▶ **YOUR OBJECTIVE**: What you give back should match the records word for word.

▶ **DATA FOR PROCESSING**:
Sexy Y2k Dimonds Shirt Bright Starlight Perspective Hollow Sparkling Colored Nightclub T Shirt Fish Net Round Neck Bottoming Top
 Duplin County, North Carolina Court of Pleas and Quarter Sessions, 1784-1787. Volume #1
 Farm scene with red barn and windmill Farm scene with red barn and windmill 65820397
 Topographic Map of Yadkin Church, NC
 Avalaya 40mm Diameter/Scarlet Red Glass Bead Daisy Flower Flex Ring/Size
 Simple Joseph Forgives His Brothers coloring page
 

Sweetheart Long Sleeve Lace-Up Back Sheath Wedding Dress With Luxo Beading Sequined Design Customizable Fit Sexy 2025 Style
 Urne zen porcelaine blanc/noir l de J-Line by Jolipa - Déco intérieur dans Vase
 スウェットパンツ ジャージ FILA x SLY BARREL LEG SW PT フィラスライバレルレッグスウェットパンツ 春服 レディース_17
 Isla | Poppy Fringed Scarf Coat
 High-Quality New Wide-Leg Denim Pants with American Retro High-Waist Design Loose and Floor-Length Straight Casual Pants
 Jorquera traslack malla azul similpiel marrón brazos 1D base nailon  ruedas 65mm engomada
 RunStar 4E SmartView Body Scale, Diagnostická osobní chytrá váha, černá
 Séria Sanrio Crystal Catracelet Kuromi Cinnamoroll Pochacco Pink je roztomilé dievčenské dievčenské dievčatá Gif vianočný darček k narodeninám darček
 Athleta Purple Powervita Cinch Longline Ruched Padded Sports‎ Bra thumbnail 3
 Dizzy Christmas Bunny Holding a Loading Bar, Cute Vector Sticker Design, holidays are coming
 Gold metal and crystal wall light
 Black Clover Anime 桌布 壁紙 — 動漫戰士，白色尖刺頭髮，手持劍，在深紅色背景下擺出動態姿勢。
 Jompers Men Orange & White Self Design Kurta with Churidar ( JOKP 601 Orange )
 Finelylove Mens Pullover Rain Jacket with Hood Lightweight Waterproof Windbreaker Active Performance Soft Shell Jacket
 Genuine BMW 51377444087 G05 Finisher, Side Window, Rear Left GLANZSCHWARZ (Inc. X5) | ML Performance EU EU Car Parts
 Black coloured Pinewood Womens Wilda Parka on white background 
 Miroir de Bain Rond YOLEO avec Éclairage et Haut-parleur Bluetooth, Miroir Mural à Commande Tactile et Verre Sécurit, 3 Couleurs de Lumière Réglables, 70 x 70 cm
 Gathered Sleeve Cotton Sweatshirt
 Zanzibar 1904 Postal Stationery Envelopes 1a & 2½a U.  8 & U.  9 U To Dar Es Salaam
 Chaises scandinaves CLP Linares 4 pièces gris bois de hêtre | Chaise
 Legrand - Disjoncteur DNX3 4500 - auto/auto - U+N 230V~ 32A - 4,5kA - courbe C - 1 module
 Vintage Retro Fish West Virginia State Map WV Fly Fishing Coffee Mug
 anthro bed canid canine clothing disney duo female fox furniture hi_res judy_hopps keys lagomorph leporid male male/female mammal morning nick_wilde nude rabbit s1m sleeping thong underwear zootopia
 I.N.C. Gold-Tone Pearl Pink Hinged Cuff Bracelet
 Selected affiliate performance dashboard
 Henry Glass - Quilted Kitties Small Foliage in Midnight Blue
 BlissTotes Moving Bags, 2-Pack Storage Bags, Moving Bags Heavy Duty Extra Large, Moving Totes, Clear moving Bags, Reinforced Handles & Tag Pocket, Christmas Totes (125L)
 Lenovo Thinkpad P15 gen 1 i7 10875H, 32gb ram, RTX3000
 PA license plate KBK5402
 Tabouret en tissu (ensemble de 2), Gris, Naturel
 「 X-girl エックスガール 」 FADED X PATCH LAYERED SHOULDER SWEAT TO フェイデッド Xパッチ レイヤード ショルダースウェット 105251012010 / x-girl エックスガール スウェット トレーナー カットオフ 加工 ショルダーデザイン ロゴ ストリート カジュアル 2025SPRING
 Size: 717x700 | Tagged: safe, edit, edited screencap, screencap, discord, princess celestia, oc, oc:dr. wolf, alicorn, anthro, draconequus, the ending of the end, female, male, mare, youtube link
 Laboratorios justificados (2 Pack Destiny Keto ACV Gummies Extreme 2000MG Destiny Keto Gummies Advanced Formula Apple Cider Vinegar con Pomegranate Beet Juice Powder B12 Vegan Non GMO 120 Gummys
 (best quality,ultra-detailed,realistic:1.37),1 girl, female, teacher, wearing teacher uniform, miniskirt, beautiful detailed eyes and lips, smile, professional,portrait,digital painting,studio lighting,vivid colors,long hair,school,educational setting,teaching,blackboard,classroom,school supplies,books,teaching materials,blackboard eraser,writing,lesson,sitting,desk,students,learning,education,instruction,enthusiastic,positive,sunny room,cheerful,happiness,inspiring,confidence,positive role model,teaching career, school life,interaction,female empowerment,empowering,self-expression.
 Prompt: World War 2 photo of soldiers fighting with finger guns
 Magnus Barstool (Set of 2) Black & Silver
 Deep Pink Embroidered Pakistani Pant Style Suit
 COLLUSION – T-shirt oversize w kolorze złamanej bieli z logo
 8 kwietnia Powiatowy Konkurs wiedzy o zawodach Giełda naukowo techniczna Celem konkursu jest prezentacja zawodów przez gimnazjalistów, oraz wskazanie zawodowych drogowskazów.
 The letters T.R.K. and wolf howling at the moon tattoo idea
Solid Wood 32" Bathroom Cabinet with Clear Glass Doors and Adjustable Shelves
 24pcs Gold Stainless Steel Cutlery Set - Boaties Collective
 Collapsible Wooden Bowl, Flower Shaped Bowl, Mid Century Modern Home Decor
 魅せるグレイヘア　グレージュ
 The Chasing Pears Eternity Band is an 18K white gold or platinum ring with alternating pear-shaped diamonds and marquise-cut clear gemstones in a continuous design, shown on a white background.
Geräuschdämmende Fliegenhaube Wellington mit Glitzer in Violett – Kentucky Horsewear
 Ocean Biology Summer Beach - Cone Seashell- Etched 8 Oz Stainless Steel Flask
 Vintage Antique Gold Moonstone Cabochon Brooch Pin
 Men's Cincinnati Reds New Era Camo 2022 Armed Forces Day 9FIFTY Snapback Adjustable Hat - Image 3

▶ **ANSWER TO THIS EXERCISE**:
Sexy Y2k Dimonds Shirt Bright Starlight Perspective Hollow Sparkling Colored Nightclub T Shirt Fish Net Round Neck Bottoming Top
 Duplin County, North Carolina Court of Pleas and Quarter Sessions, 1784-1787. Volume #1
 Farm scene with red barn and windmill Farm scene with red barn and windmill 65820397
 Topographic Map of Yadkin Church, NC
 Avalaya 40mm Diameter/Scarlet Red Glass Bead Daisy Flower Flex Ring/Size
 Simple Joseph Forgives His Brothers coloring page
 

Sweetheart Long Sleeve Lace-Up Back Sheath Wedding Dress With Luxo Beading Sequined Design Customizable Fit Sexy 2025 Style
 Urne zen porcelaine blanc/noir l de J-Line by Jolipa - Déco intérieur dans Vase
 スウェットパンツ ジャージ FILA x SLY BARREL LEG SW PT フィラスライバレルレッグスウェットパンツ 春服 レディース_17
 Isla | Poppy Fringed Scarf Coat
 High-Quality New Wide-Leg Denim Pants with American Retro High-Waist Design Loose and Floor-Length Straight Casual Pants
 Jorquera traslack malla azul similpiel marrón brazos 1D base nailon  ruedas 65mm engomada
 RunStar 4E SmartView Body Scale, Diagnostická osobní chytrá váha, černá
 Séria Sanrio Crystal Catracelet Kuromi Cinnamoroll Pochacco Pink je roztomilé dievčenské dievčenské dievčatá Gif vianočný darček k narodeninám darček
 Athleta Purple Powervita Cinch Longline Ruched Padded Sports‎ Bra thumbnail 3
 Dizzy Christmas Bunny Holding a Loading Bar, Cute Vector Sticker Design, holidays are coming
 Gold metal and crystal wall light
 Black Clover Anime 桌布 壁紙 — 動漫戰士，白色尖刺頭髮，手持劍，在深紅色背景下擺出動態姿勢。
 Jompers Men Orange & White Self Design Kurta with Churidar ( JOKP 601 Orange )
 Finelylove Mens Pullover Rain Jacket with Hood Lightweight Waterproof Windbreaker Active Performance Soft Shell Jacket
 Genuine BMW 51377444087 G05 Finisher, Side Window, Rear Left GLANZSCHWARZ (Inc. X5) | ML Performance EU EU Car Parts
 Black coloured Pinewood Womens Wilda Parka on white background 
 Miroir de Bain Rond YOLEO avec Éclairage et Haut-parleur Bluetooth, Miroir Mural à Commande Tactile et Verre Sécurit, 3 Couleurs de Lumière Réglables, 70 x 70 cm
 Gathered Sleeve Cotton Sweatshirt
 Zanzibar 1904 Postal Stationery Envelopes 1a & 2½a U.  8 & U.  9 U To Dar Es Salaam
 Chaises scandinaves CLP Linares 4 pièces gris bois de hêtre | Chaise
 Legrand - Disjoncteur DNX3 4500 - auto/auto - U+N 230V~ 32A - 4,5kA - courbe C - 1 module
 Vintage Retro Fish West Virginia State Map WV Fly Fishing Coffee Mug
 anthro bed canid canine clothing disney duo female fox furniture hi_res judy_hopps keys lagomorph leporid male male/female mammal morning nick_wilde nude rabbit s1m sleeping thong underwear zootopia
 I.N.C. Gold-Tone Pearl Pink Hinged Cuff Bracelet
 Selected affiliate performance dashboard
 Henry Glass - Quilted Kitties Small Foliage in Midnight Blue
 BlissTotes Moving Bags, 2-Pack Storage Bags, Moving Bags Heavy Duty Extra Large, Moving Totes, Clear moving Bags, Reinforced Handles & Tag Pocket, Christmas Totes (125L)
 Lenovo Thinkpad P15 gen 1 i7 10875H, 32gb ram, RTX3000
 PA license plate KBK5402
 Tabouret en tissu (ensemble de 2), Gris, Naturel
 「 X-girl エックスガール 」 FADED X PATCH LAYERED SHOULDER SWEAT TO フェイデッド Xパッチ レイヤード ショルダースウェット 105251012010 / x-girl エックスガール スウェット トレーナー カットオフ 加工 ショルダーデザイン ロゴ ストリート カジュアル 2025SPRING
 Size: 717x700 | Tagged: safe, edit, edited screencap, screencap, discord, princess celestia, oc, oc:dr. wolf, alicorn, anthro, draconequus, the ending of the end, female, male, mare, youtube link
 Laboratorios justificados (2 Pack Destiny Keto ACV Gummies Extreme 2000MG Destiny Keto Gummies Advanced Formula Apple Cider Vinegar con Pomegranate Beet Juice Powder B12 Vegan Non GMO 120 Gummys
 (best quality,ultra-detailed,realistic:1.37),1 girl, female, teacher, wearing teacher uniform, miniskirt, beautiful detailed eyes and lips, smile, professional,portrait,digital painting,studio lighting,vivid colors,long hair,school,educational setting,teaching,blackboard,classroom,school supplies,books,teaching materials,blackboard eraser,writing,lesson,sitting,desk,students,learning,education,instruction,enthusiastic,positive,sunny room,cheerful,happiness,inspiring,confidence,positive role model,teaching career, school life,interaction,female empowerment,empowering,self-expression.
 Prompt: World War 2 photo of soldiers fighting with finger guns
 Magnus Barstool (Set of 2) Black & Silver
 Deep Pink Embroidered Pakistani Pant Style Suit
 COLLUSION – T-shirt oversize w kolorze złamanej bieli z logo
 8 kwietnia Powiatowy Konkurs wiedzy o zawodach Giełda naukowo techniczna Celem konkursu jest prezentacja zawodów przez gimnazjalistów, oraz wskazanie zawodowych drogowskazów.
 The letters T.R.K. and wolf howling at the moon tattoo idea
Solid Wood 32" Bathroom Cabinet with Clear Glass Doors and Adjustable Shelves
 24pcs Gold Stainless Steel Cutlery Set - Boaties Collective
 Collapsible Wooden Bowl, Flower Shaped Bowl, Mid Century Modern Home Decor
 魅せるグレイヘア　グレージュ
 The Chasing Pears Eternity Band is an 18K white gold or platinum ring with alternating pear-shaped diamonds and marquise-cut clear gemstones in a continuous design, shown on a white background.
Geräuschdämmende Fliegenhaube Wellington mit Glitzer in Violett – Kentucky Horsewear
 Ocean Biology Summer Beach - Cone Seashell- Etched 8 Oz Stainless Steel Flask
 Vintage Antique Gold Moonstone Cabochon Brooch Pin
 Men's Cincinnati Reds New Era Camo 2022 Armed Forces Day 9FIFTY Snapback Adjustable Hat - Image 3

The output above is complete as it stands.